__What you are asked to do__: Each entry below should be returned exactly as is, with the pictures removed.

**** Data provided

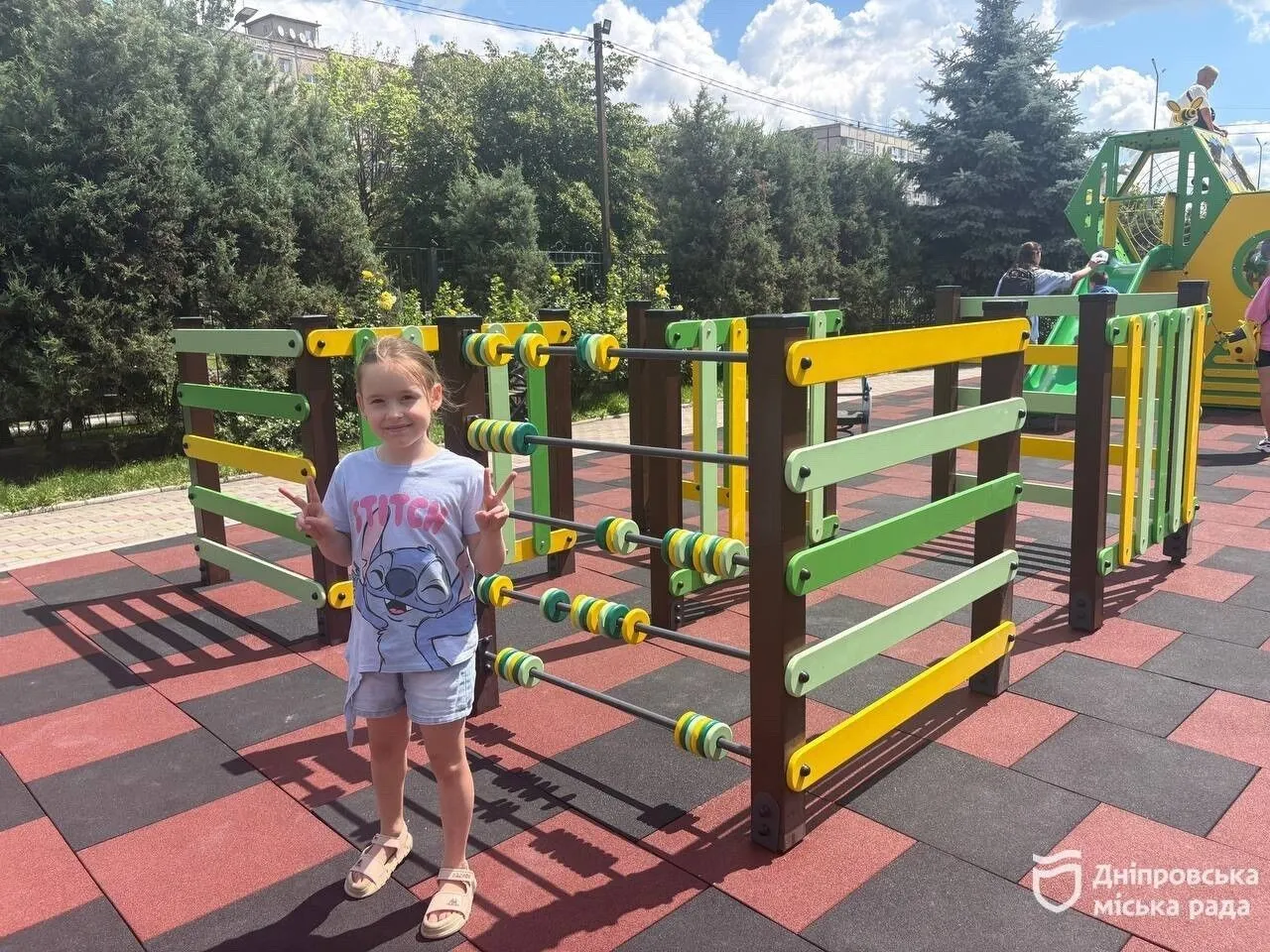 У Дніпрі відкрили оновлений дитячий майданчик з ексклюзивною ігровою зоною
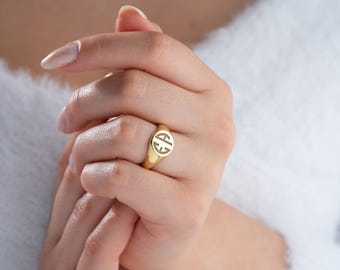 Anel de sinete personalizado com iniciais, anel de sinete feminino em prata de lei com monograma, anel com letra gótica para mãe.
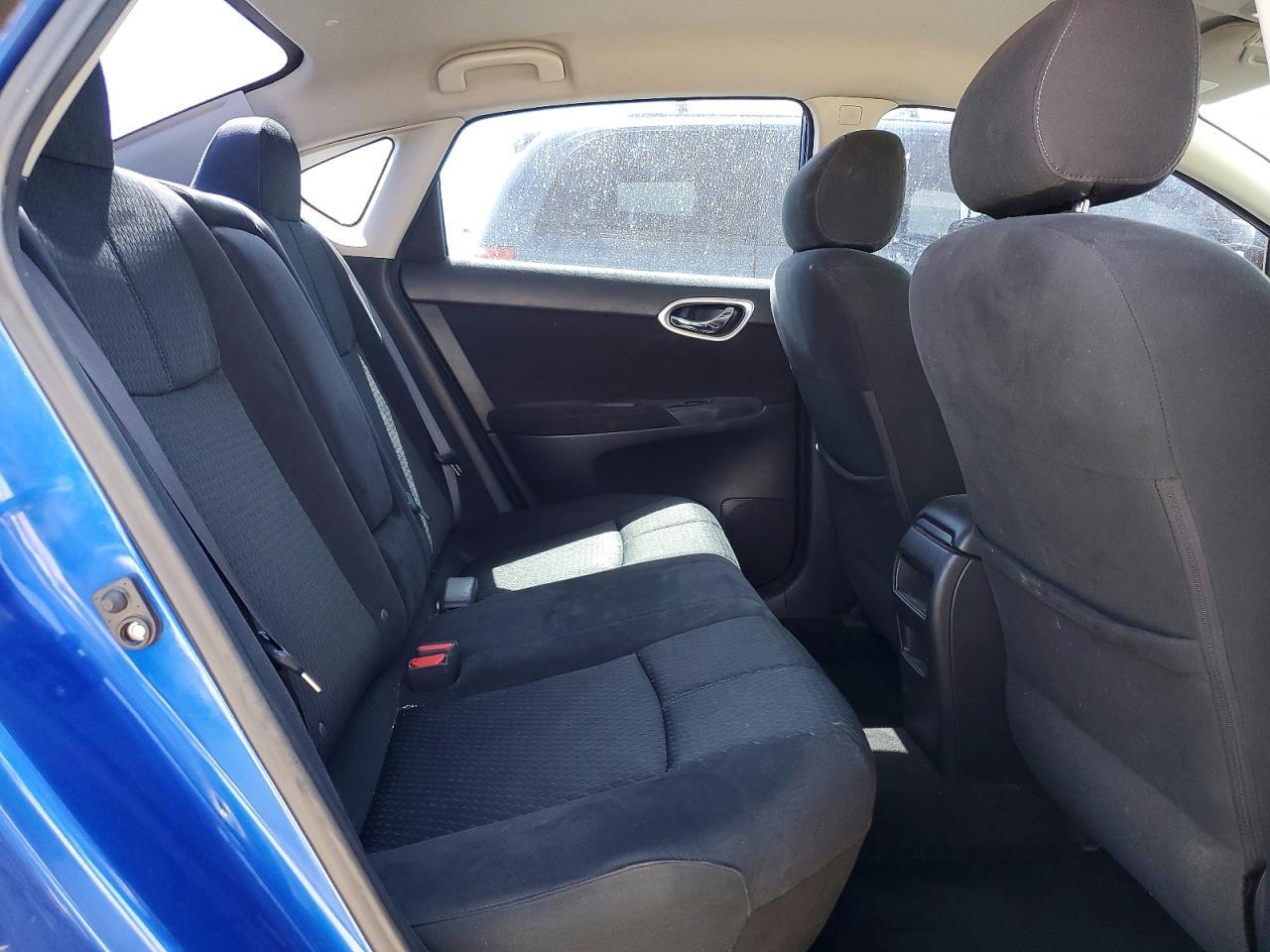 2015 Nissan Sentra Sr - zdjęcie 10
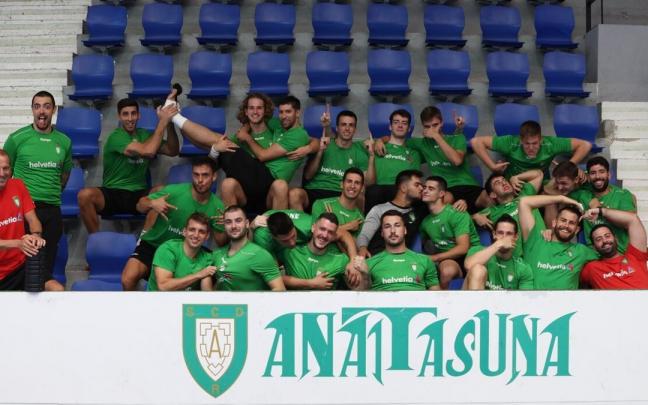 Los jugadores y el cuerpo técnico del Helvetia, optimistas ante el comienzo de la competición.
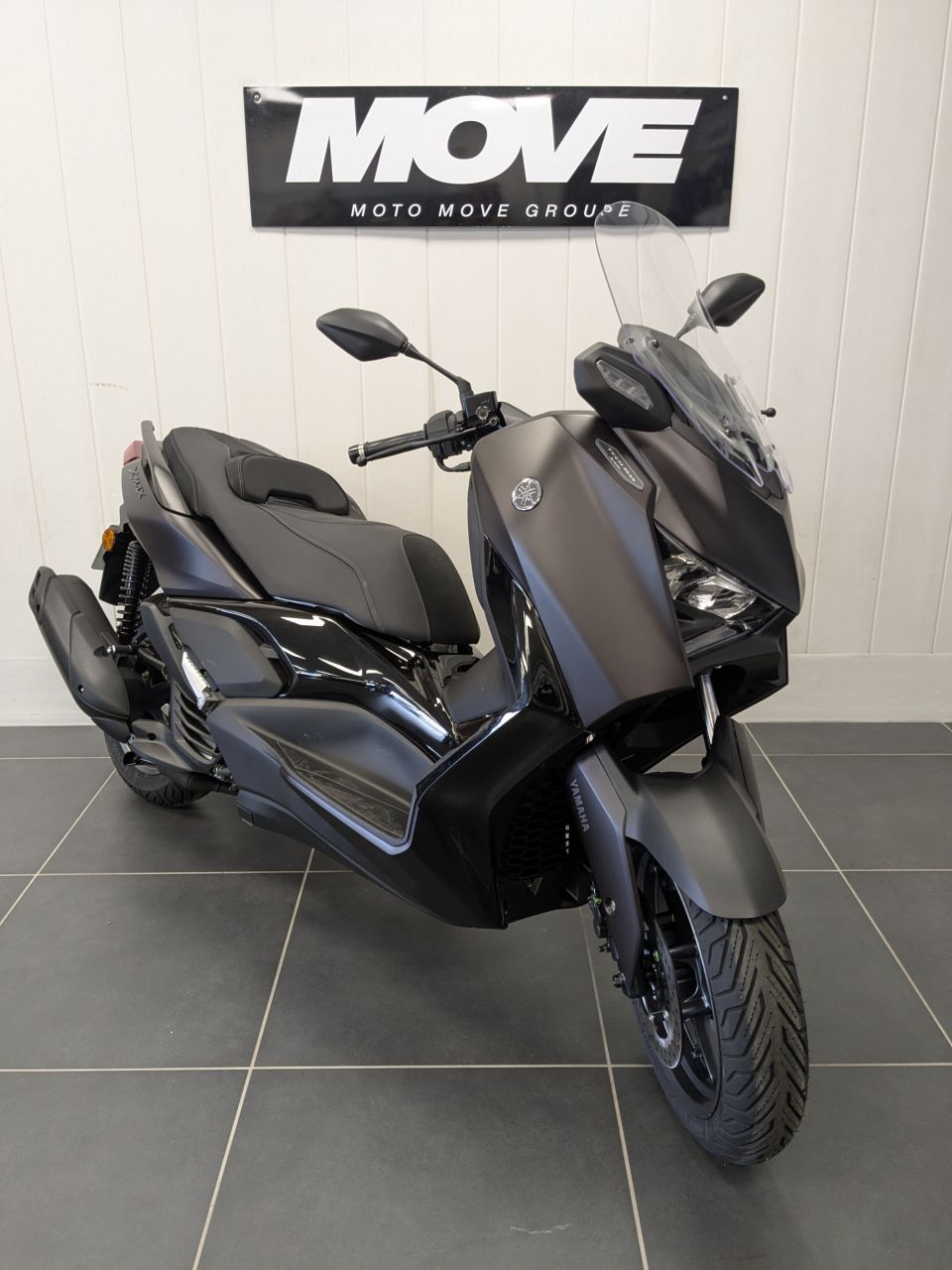 YAMAHA XMAX 125 TECH MAX 1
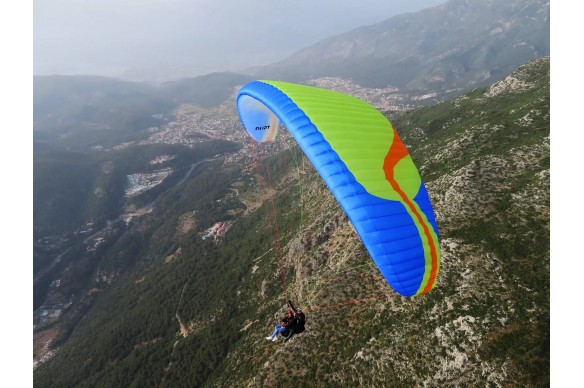 The DUET Semi-Light tandem paraglider combines ease of use, low weight, and low volume. Ideal for your walk-and-fly tandem fligh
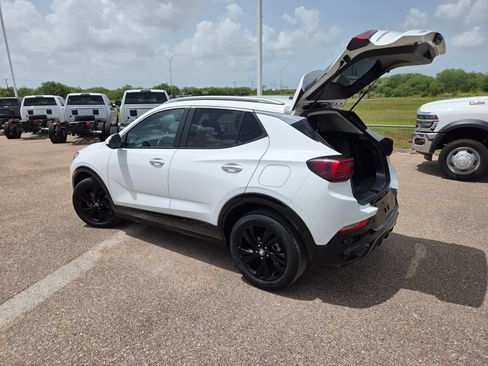 Used 2024 Buick Encore GX Sport Touring FWD image 24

********

__Result for this task__:
 У Дніпрі відкрили оновлений дитячий майданчик з ексклюзивною ігровою зоною
 Anel de sinete personalizado com iniciais, anel de sinete feminino em prata de lei com monograma, anel com letra gótica para mãe.
 2015 Nissan Sentra Sr - zdjęcie 10
 Los jugadores y el cuerpo técnico del Helvetia, optimistas ante el comienzo de la competición.
 YAMAHA XMAX 125 TECH MAX 1
 The DUET Semi-Light tandem paraglider combines ease of use, low weight, and low volume. Ideal for your walk-and-fly tandem fligh
 Used 2024 Buick Encore GX Sport Touring FWD image 24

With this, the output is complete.